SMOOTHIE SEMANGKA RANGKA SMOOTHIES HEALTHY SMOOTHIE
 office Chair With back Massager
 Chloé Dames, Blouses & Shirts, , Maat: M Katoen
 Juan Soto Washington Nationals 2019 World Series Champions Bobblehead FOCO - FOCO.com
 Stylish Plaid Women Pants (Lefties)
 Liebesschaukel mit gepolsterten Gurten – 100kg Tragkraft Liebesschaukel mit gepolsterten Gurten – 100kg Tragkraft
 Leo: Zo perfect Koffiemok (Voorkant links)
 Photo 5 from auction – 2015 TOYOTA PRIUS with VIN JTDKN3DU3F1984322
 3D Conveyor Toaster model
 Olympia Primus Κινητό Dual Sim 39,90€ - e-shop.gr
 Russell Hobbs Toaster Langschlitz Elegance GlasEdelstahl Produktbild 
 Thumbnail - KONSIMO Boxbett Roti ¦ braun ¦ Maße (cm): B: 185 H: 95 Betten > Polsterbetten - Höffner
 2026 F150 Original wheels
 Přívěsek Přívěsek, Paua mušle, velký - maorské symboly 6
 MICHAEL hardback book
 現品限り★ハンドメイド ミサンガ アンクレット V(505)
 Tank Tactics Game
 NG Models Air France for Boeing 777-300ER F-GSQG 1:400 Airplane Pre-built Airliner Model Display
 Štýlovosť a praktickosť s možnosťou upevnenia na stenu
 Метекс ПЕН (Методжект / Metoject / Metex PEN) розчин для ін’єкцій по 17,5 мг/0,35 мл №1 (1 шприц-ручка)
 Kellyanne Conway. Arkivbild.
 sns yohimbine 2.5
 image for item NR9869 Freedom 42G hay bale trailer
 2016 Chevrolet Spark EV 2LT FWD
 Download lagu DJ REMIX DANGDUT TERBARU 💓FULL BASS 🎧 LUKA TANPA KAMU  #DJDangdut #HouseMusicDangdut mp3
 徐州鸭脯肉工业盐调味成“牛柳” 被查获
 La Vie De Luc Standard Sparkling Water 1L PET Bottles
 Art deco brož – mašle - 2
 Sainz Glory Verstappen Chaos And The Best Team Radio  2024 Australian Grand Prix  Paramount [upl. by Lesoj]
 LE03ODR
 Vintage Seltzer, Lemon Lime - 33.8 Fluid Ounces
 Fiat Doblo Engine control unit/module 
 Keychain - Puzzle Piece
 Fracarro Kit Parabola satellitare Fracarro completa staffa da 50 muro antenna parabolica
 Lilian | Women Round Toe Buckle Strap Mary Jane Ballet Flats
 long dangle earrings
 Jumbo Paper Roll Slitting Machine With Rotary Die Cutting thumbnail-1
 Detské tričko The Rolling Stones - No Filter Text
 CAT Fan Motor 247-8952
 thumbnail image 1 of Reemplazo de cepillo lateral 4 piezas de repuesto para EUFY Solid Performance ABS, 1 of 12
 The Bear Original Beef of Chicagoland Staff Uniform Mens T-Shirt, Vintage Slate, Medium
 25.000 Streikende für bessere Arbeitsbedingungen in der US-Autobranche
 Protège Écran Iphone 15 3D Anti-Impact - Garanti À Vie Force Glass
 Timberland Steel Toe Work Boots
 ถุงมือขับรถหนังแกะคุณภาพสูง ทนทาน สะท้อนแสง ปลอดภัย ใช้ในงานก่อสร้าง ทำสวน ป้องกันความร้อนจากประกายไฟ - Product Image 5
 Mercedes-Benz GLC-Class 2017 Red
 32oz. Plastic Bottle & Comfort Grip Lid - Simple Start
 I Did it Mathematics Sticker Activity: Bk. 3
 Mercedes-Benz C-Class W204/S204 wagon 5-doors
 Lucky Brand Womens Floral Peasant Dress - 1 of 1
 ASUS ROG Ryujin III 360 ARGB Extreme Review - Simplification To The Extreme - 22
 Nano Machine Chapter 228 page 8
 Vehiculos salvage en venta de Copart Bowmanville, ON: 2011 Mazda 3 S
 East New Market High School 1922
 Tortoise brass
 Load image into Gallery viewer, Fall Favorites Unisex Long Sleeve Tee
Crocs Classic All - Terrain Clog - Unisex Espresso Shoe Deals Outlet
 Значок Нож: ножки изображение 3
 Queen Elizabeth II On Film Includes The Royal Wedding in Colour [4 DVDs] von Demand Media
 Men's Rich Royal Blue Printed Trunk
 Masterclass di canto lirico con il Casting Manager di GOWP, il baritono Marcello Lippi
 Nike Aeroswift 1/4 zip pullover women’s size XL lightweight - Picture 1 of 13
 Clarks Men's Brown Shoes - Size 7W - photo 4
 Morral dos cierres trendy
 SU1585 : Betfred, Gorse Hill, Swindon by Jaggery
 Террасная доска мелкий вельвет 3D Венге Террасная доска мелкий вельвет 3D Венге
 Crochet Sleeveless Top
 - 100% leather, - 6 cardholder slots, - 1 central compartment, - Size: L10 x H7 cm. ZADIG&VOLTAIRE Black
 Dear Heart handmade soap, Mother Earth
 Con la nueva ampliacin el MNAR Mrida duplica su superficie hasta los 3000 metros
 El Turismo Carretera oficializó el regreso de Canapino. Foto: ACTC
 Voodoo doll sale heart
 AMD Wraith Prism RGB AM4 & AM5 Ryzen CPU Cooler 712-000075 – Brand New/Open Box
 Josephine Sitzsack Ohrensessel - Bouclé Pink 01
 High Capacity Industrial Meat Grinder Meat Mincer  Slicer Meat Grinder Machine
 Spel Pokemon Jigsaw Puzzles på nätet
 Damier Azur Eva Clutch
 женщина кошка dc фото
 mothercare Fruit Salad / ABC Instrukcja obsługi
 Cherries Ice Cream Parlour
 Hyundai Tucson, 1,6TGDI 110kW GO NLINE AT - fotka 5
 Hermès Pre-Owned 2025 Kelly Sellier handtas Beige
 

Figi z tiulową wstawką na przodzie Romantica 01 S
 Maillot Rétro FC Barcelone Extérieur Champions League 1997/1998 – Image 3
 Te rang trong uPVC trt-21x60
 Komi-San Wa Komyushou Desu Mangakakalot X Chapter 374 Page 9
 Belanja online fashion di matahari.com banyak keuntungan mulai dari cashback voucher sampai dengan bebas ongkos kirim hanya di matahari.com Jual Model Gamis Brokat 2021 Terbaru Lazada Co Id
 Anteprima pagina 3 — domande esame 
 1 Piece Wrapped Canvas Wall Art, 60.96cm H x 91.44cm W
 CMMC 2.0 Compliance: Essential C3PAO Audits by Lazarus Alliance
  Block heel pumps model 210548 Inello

+++

THE PROBLEM: Looking at the data above, write out exactly the lines that start at the one containing "Mercedes-Benz GLC-Class 2017 Red" and end at the one containing "Voodoo doll sale heart"; include both and nothing beyond.

TASK ANSWER:
 Mercedes-Benz GLC-Class 2017 Red
 32oz. Plastic Bottle & Comfort Grip Lid - Simple Start
 I Did it Mathematics Sticker Activity: Bk. 3
 Mercedes-Benz C-Class W204/S204 wagon 5-doors
 Lucky Brand Womens Floral Peasant Dress - 1 of 1
 ASUS ROG Ryujin III 360 ARGB Extreme Review - Simplification To The Extreme - 22
 Nano Machine Chapter 228 page 8
 Vehiculos salvage en venta de Copart Bowmanville, ON: 2011 Mazda 3 S
 East New Market High School 1922
 Tortoise brass
 Load image into Gallery viewer, Fall Favorites Unisex Long Sleeve Tee
Crocs Classic All - Terrain Clog - Unisex Espresso Shoe Deals Outlet
 Значок Нож: ножки изображение 3
 Queen Elizabeth II On Film Includes The Royal Wedding in Colour [4 DVDs] von Demand Media
 Men's Rich Royal Blue Printed Trunk
 Masterclass di canto lirico con il Casting Manager di GOWP, il baritono Marcello Lippi
 Nike Aeroswift 1/4 zip pullover women’s size XL lightweight - Picture 1 of 13
 Clarks Men's Brown Shoes - Size 7W - photo 4
 Morral dos cierres trendy
 SU1585 : Betfred, Gorse Hill, Swindon by Jaggery
 Террасная доска мелкий вельвет 3D Венге Террасная доска мелкий вельвет 3D Венге
 Crochet Sleeveless Top
 - 100% leather, - 6 cardholder slots, - 1 central compartment, - Size: L10 x H7 cm. ZADIG&VOLTAIRE Black
 Dear Heart handmade soap, Mother Earth
 Con la nueva ampliacin el MNAR Mrida duplica su superficie hasta los 3000 metros
 El Turismo Carretera oficializó el regreso de Canapino. Foto: ACTC
 Voodoo doll sale heart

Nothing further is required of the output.